● **What to produce**
Locate "Charger Charge Dock" in the listing. Transcribe the line that contains it and every line that follows, through the last, omitting all pictures.
BEGIN Exercise inputs
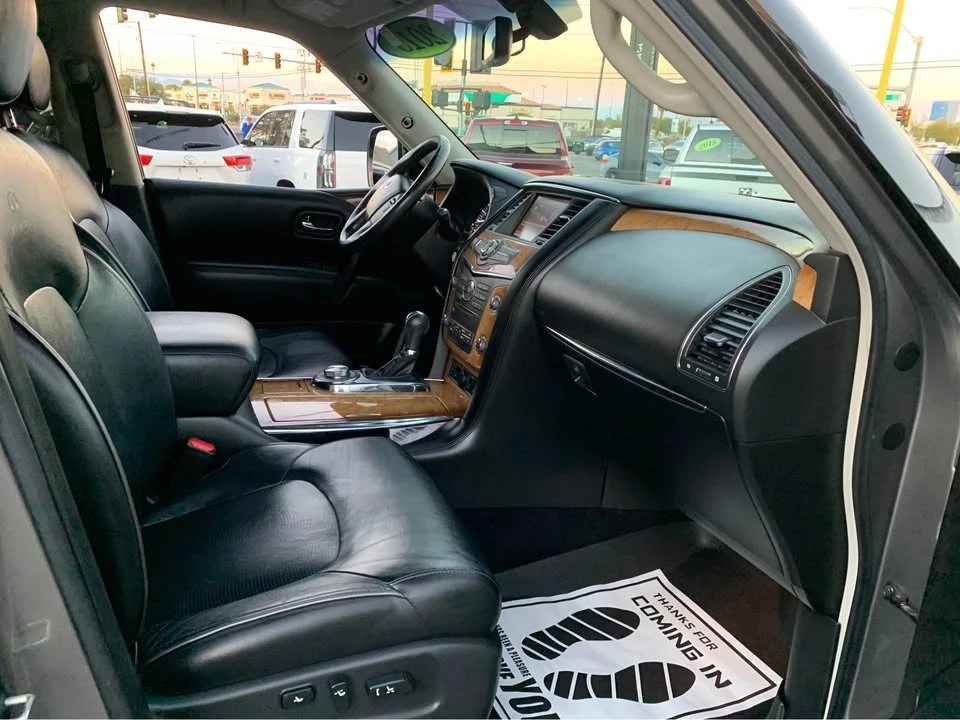 2013 Infiniti QX80 - Image 11 of 13
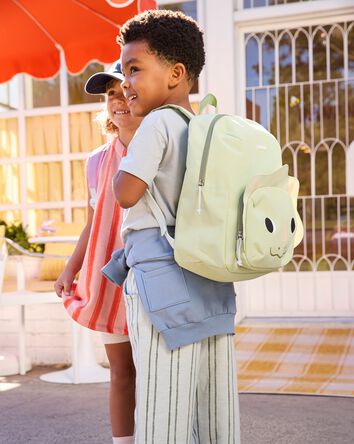 Besties Squad Toddler Backpack - Dino, 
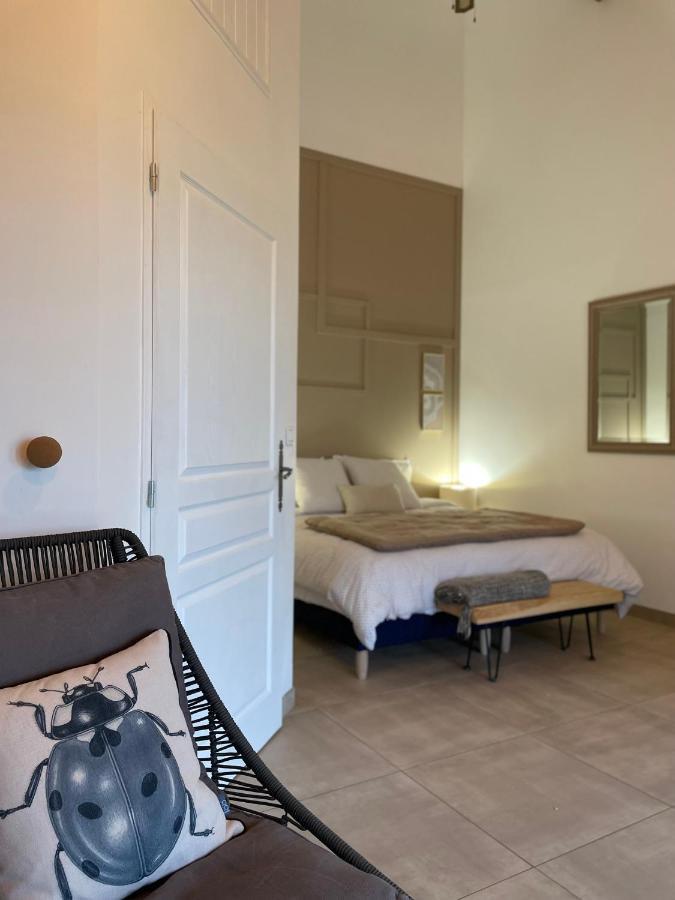 Chez Brunet Chambres D'Hotes Et Gite Lagraulet-du-Gers 外观 照片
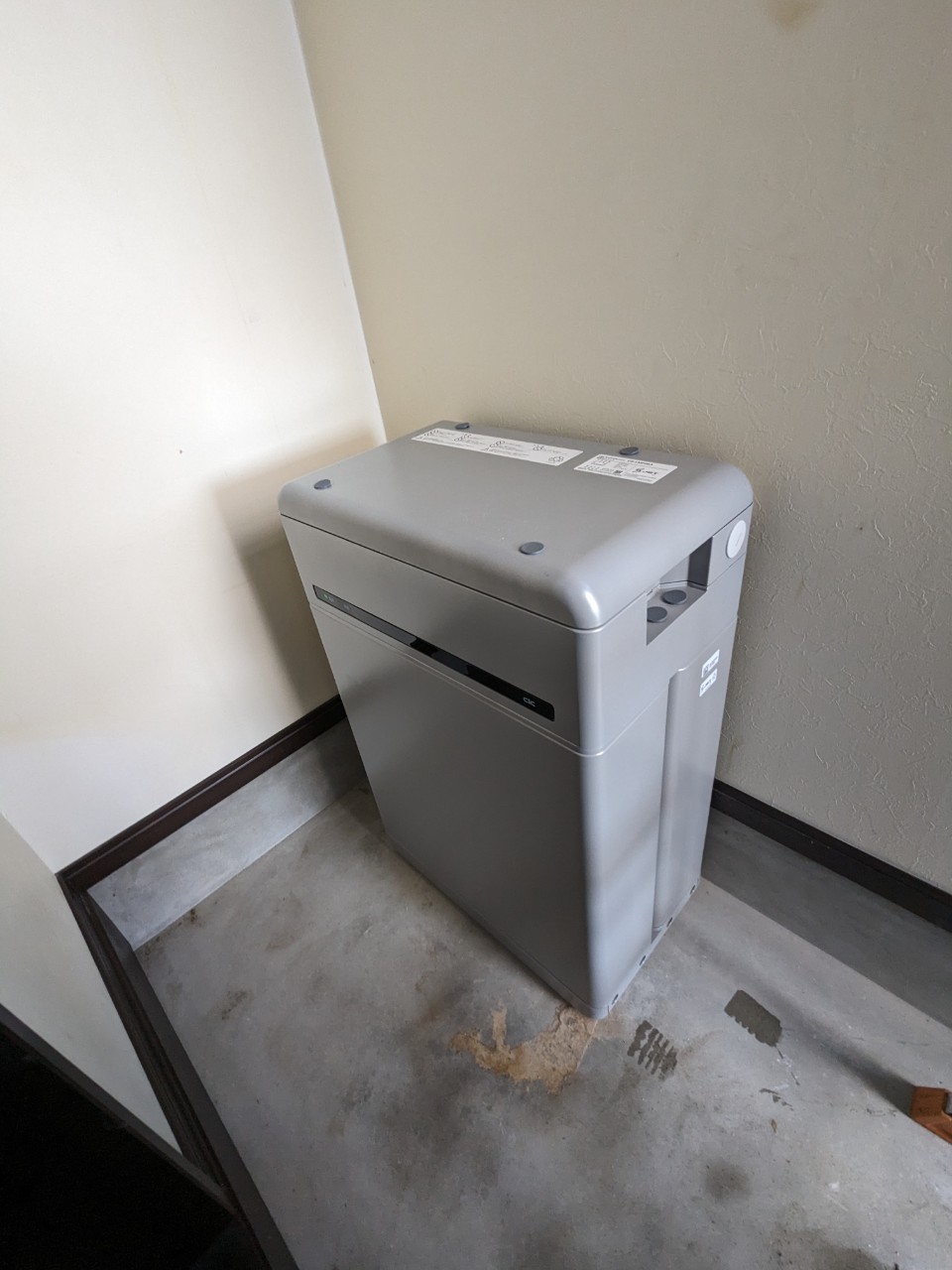 西尾市 T様 蓄電池設置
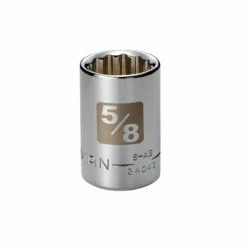 Craftsman 5/8" x 1/2" Drive 12 pt. Easy-to-Read Socket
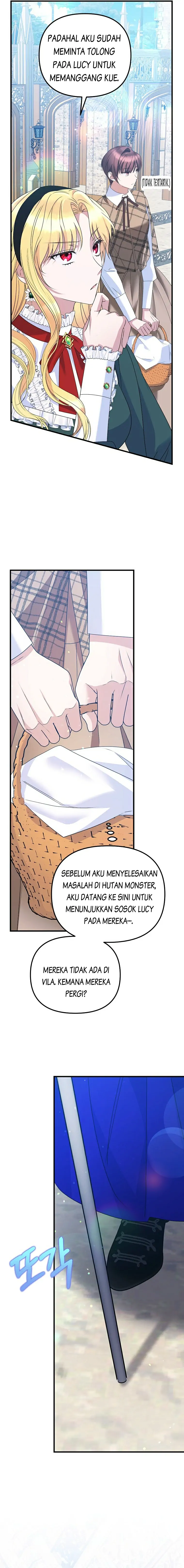 10 CARA UNTUK DIBUANG OLEH SANG TIRAN Chapter 17 page 21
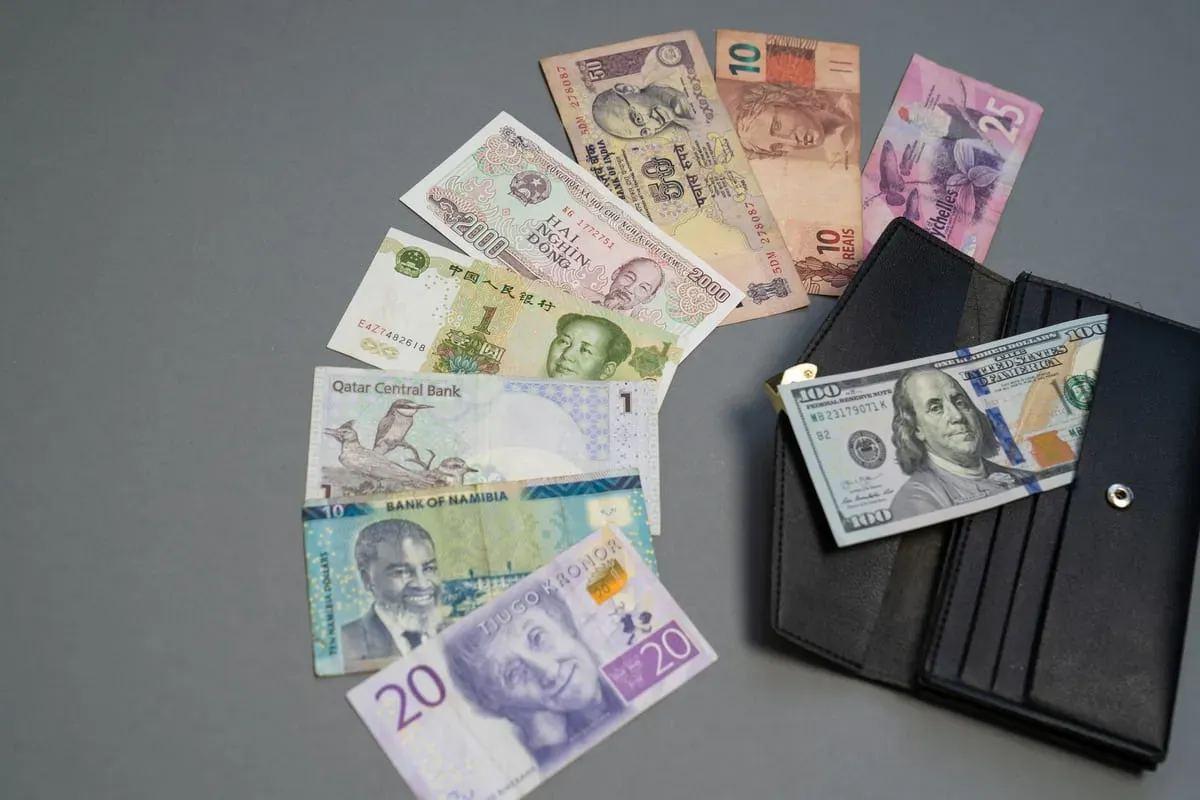 Moedas Mais Fortes do Mundo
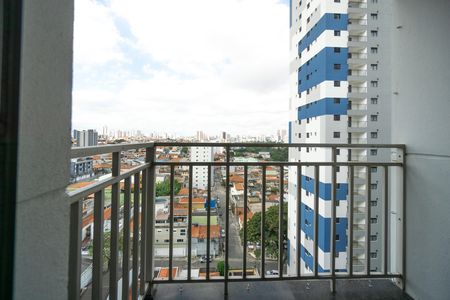 Apartamento para alugar com 65m², 2 quartos e 1 vagaVaranda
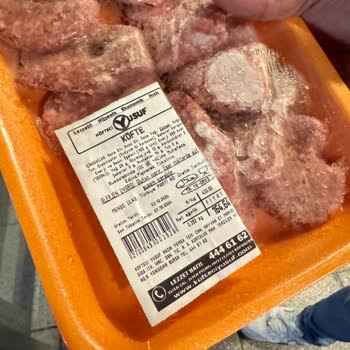 Köfteci Yusuf'ta İade Sorunu Ve Müşteri Mağduriyeti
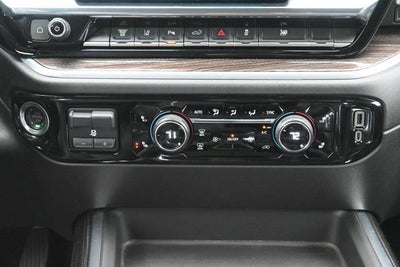 2025 Chevrolet Silverado 3500 HD LT DRW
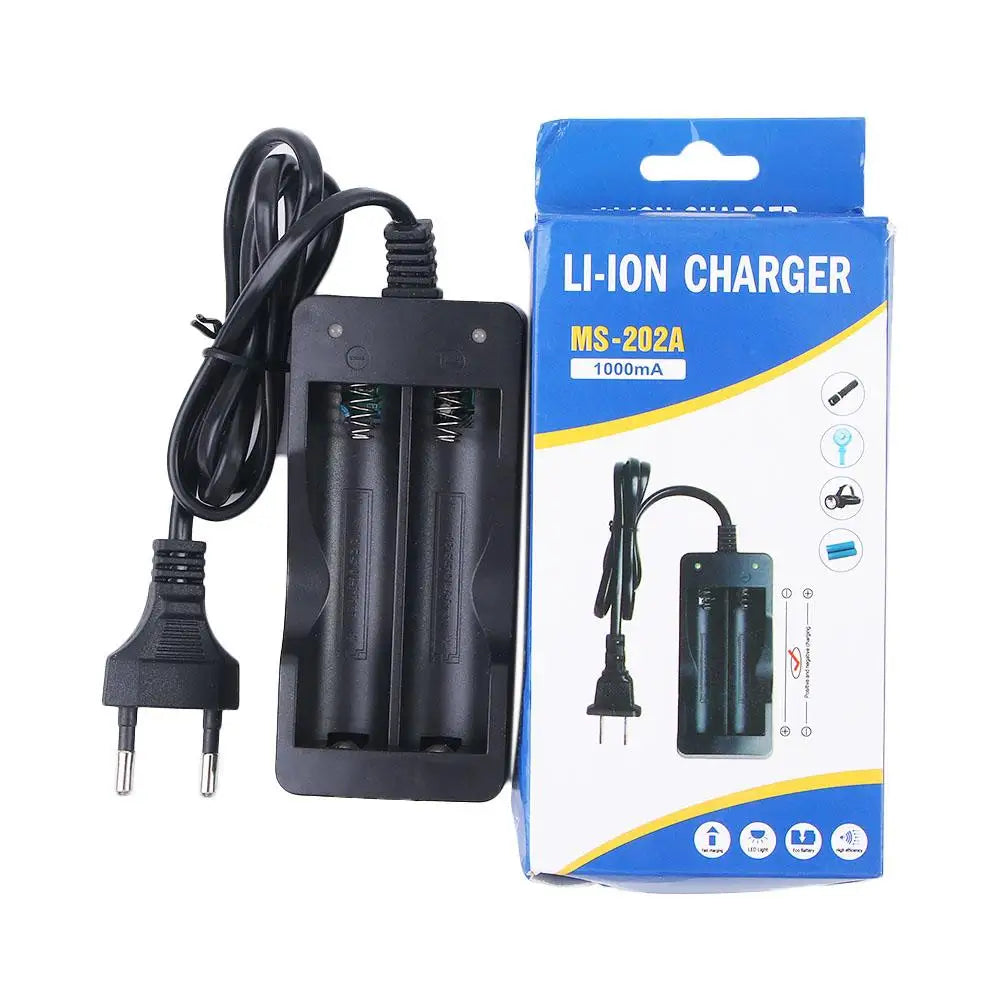 Charger Charge Dock Li-ion Rechargeable Smart Charger Battery Charger Lithium Battery Charger Charger Adapter Auto Stop Charger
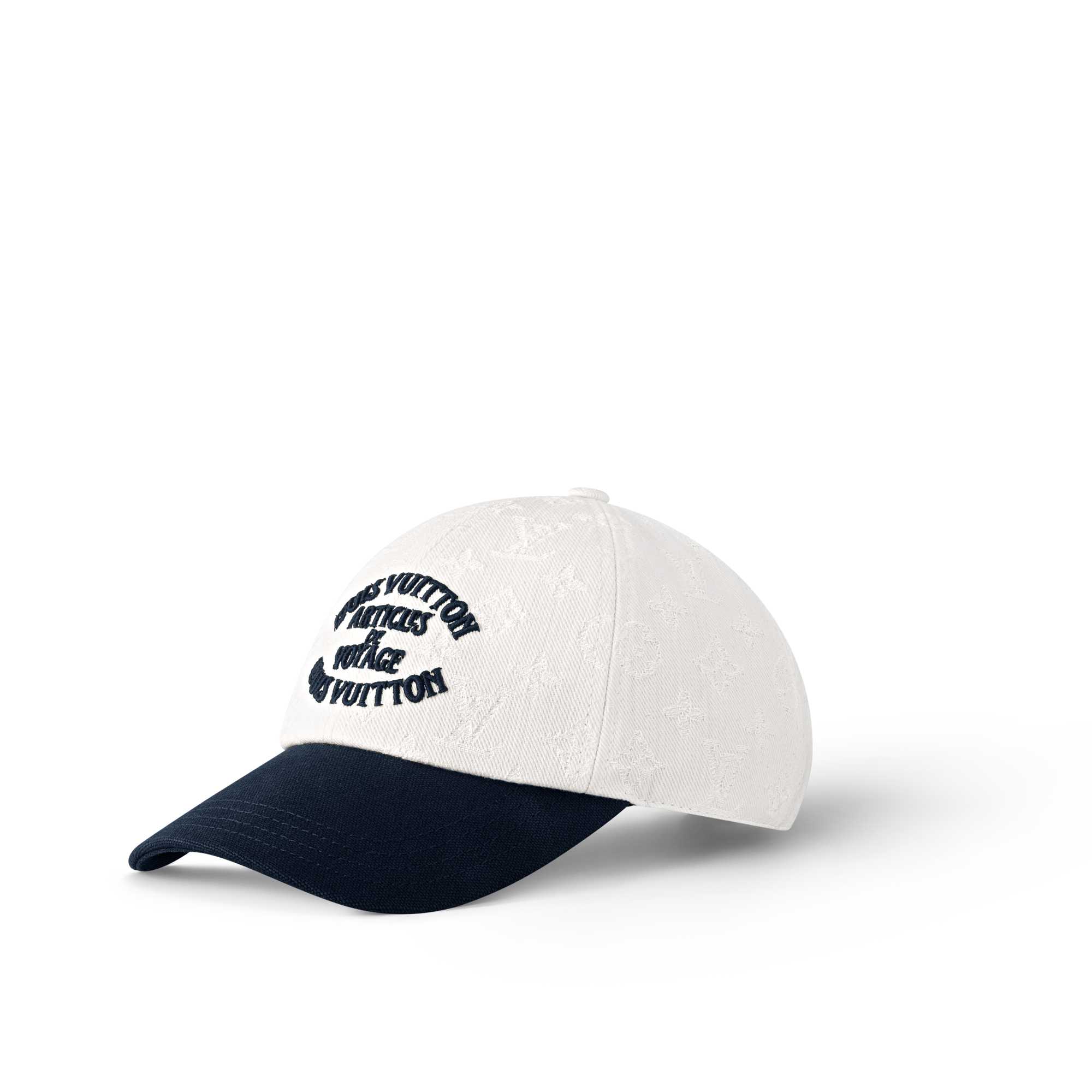 Bicolor Travel 棒球帽 . in 男士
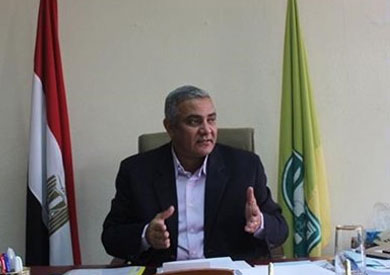 عصام بدوى، رئيس جهاز تنمية مدينة 6 أكتوبر
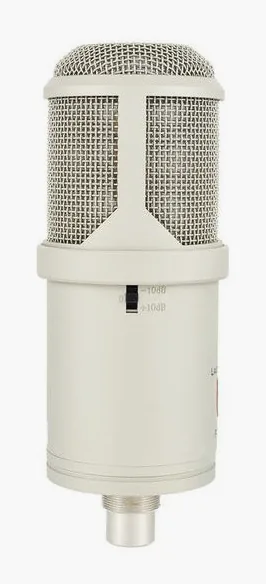 Lauten Audio Clarion FC-357, mikrofonkorgen på nära håll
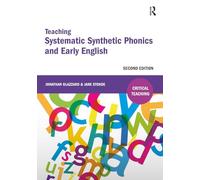 Teaching Systematic Synthetic Phonics and Early English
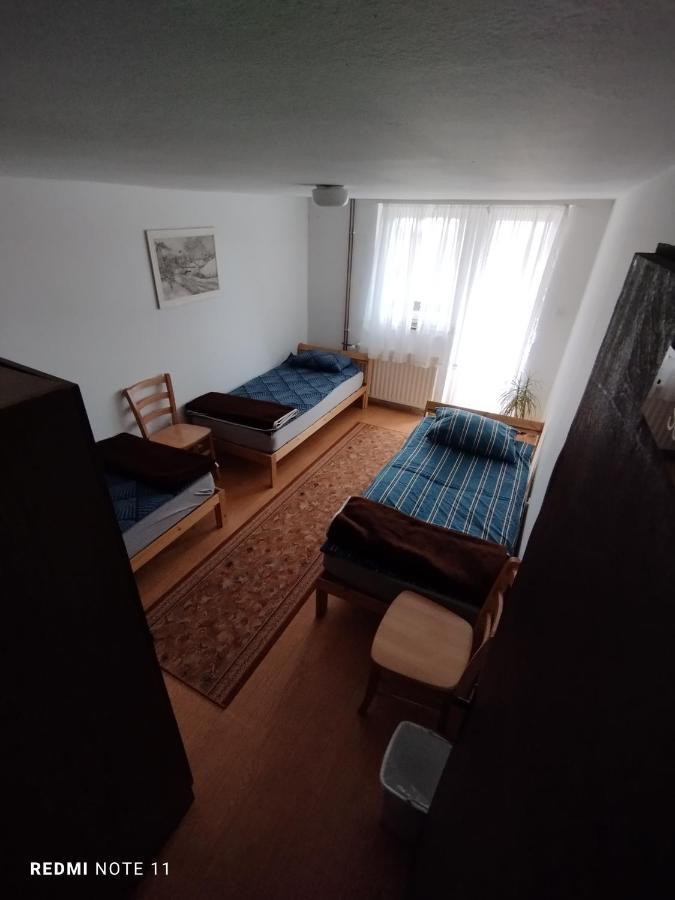 Hotel Planinski Dom Vrhe Trbovlje Esterno foto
END Exercise inputs
● **Output of the exercise**
 Charger Charge Dock Li-ion Rechargeable Smart Charger Battery Charger Lithium Battery Charger Charger Adapter Auto Stop Charger
 Bicolor Travel 棒球帽 . in 男士
 عصام بدوى، رئيس جهاز تنمية مدينة 6 أكتوبر
 Lauten Audio Clarion FC-357, mikrofonkorgen på nära håll
 Teaching Systematic Synthetic Phonics and Early English
 Hotel Planinski Dom Vrhe Trbovlje Esterno foto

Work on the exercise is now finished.